COVID-19 disease, caused by severe acute respiratory syndrome coronavirus-2 (SARS-CoV-2) was declared a pandemic and non-Public Health Emergency of International Concern in March 2020 and May 2023 respectively by WHO (3). The COVID-19 pandemic required continuous reporting formats via the Surveillance Outbreak Response Management and Analysis System (SORMAS) and/or HIMS across the globe (3,8). The Ghana Health Service under the Ministry of Health implemented the District Health Information Management System (DHIMS-2) software in 2008 to assist all districts, regions, and national managers in the analysis of routine health service data, planning, policy implementation, and also for enhancing health information reliability (6,18). In 2020, SORMAS, another web-based tool was also integrated into DHIMS-2 for reporting COVID-19 data. The DHIMS-2 utilizes three data dimensions (completeness, accuracy, and timeliness) in assessing data quality (18) which is employed in this study. Endriyas and colleagues re-echoed that completeness, accuracy, and timeliness are the most crucial indicators of data quality measurements (15). When these indicators are corrected, the other possible dimensions of data quality will automatically be addressed (15,19).
Ahafo Regional Health Directorate is one of the recently created directorates in Ghana which is confronted with resource constraints and inadequate technical human resources (20). The directorate was automatically hooked onto the DHIMS-2 and started recording high COVID-19 cases after the first case was registered in March 2020, the same month the country recorded its first incident (21). Data documentation and reporting of COVID-19 diseases then took center stage, although numerous studies have shown that data from Ghanaian health facilities are of poor quality in terms of accuracy and timeliness (18,22,23). This highlights the need to assess COVID-19 data quality using the three dimensions of data quality at different levels of the healthcare system. Such a study will not only furnish health managers in the Ahafo Region and across the 16 regions in Ghana with concrete ideas and knowledge on COVID-19 data quality challenges in the DHIMS-2 but will also recommend strategies to strengthen data quality for routine healthcare reporting and unforeseen disease outbreaks.
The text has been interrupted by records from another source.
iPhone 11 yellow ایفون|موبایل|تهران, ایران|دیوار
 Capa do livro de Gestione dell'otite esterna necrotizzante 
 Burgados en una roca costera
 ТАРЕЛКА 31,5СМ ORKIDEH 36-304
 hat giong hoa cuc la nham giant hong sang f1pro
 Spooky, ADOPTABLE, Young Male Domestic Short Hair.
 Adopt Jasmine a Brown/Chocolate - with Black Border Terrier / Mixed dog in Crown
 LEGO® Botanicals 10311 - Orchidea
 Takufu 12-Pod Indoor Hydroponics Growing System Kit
Additionally, since the creation of the directorate in May 2019 (20), and the adoption of DHIMS-2 as a standard tool for reporting health data (21), no studies have been conducted in the Ahafo Region and Ghana at large to evaluate the quality of data on DHIMS-2, especially in the era of the COVID-19. In this regard, this study seeks to assess the determinants of COVID-19 data quality in the DHIMS-2 of the Ahafo Region in the middle belt of Ghana.
Methods and materials
Study setting
The study was conducted at Ahafo Region which was carved out of the southeastern part of the former Brong Ahafo Region of Ghana. It covers an estimated land area of 5,193 km2 and is surrounded by Ashanti, Bono, Brong Ahafo, and Western North Regions. This region lies within the tropical forest zone and is a key cocoa and timber-producing area. Two main reservoir systems could be distinguished in the region: the Bia and Tano rivers which also serve as the source of water supply to the region. There are six districts (Asunafo North, Asunafo South, Asutifi North, Asutifi South, Tano North, and Tano South) in the region. The region’s projected population is 576,526 as of 2022, with a growth rate of 2.3% from the 2021 population and housing census (24). There are 12 hospitals, 22 health centres, 16 clinics, 60 community health-based preventive services (CHPS), and three maternity homes located in the region. Out of these 120 health facilities, eight, 15, and 97 of them are owned by missionaries, private, and government respectively (20). Meanwhile, only 23 of these health facilities reported on COVID-19 cases in this region from 2020 to 2022 (21).
Study design and sampling
This study employed a facility-based cross-sectional study design with a quantitative approach. We assessed and reviewed all 782 monthly reports of COVID-19 from March 2020 to December 2022 in all 23 health facilities. The monthly reports on COVID-19 were initiated in March 2020, however, the dataset was introduced into DHIMS-2 in July 2020. Non-COVID-19 monthly reports in the DHIMS-2 were excluded from this study. Moreover, all the data managers responsible for submitting monthly COVID-19 reports and having signed all the monthly reporting forms were interviewed.
Data collection
The data collection period was from 6th February to 30th March 2023. Four trained research assistants were recruited to collect the data. A structured questionnaire was used to collect information on a computer-assisted interviewing device (android tablet or phone) through face-to-face interviews with data managers. Information on data managers’ characteristics (cadre, work experience, educational level, and training on SORMAS and COVID-19 data management), and health facility characteristics (availability of reporting tools, data validation team, registers, internet access, and supportive supervision) were collected. A comprehensive Excel sheet (collation sheet) was used to extract the data on completeness, accuracy, and timeliness from the registers, report forms, and DHIMS-2.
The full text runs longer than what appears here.